Kieran Setiya in the LA Review of Books:
IN NOVEMBER 1917, a group of left-leaning students at the University of Munich invited sociologist Max Weber to lecture on “Science as a Vocation.” They were troubled by the state of the academy in a time of increasing specialization, subject to distorting influences, both economic and political.
It’s hard to imagine that the students were uplifted by Weber’s lecture. His embrace of specialized knowledge—divorced from ethics, politics, and the search for meaning—portrays the advance of science as planned obsolescence. The scientist’s vocation lies in pursuing truth, knowing that the fate of her work is to be superseded. Weber’s advice to the would-be scientist was, more or less, “suck it up.”
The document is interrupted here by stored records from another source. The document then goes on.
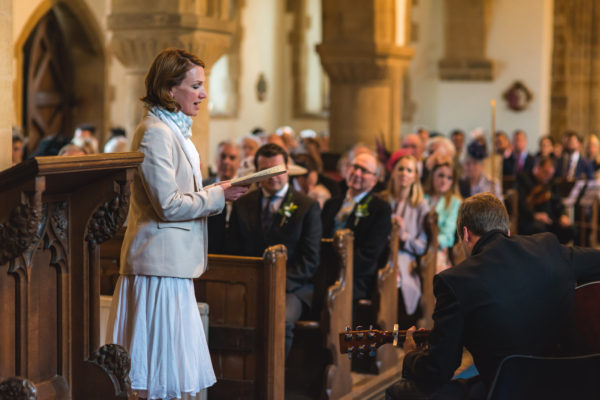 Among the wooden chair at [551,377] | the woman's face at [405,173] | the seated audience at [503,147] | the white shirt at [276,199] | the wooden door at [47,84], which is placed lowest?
the wooden chair at [551,377]

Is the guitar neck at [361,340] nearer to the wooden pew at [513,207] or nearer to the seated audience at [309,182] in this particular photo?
the seated audience at [309,182]

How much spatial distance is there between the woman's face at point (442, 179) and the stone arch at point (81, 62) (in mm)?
5846

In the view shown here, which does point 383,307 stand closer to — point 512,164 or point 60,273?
point 60,273

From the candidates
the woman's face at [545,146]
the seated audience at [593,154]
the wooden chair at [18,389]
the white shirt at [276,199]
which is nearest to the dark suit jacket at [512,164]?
the woman's face at [545,146]

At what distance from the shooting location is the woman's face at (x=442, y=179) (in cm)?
769

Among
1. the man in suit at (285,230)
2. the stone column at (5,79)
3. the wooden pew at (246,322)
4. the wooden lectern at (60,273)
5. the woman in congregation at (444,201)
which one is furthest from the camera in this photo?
the woman in congregation at (444,201)

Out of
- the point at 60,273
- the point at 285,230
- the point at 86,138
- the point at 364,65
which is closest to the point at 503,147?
the point at 364,65

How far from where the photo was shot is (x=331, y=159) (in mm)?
11266

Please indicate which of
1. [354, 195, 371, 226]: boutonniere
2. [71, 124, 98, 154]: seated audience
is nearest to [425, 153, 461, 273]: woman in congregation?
[354, 195, 371, 226]: boutonniere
Worse still, the upshot of technical progress is a disenchanted world. We no longer pray to spirits but “can in principle control everything by means of calculation.” And while science tells us how to achieve our ends, it does not tell us what our ends should be. For Weber, disenchantment lapses into nihilism:
And suppose that Tolstoy rises up in you once more and asks, “who if not science will answer the question: what then shall we do and how shall we organize our lives?” […] In that event, we must reply: only a prophet or a savior. […] [But] the prophet for whom so many of [us] yearn simply does not exist.
Since the scientist is not a prophet, “politics has no place in the lecture room.”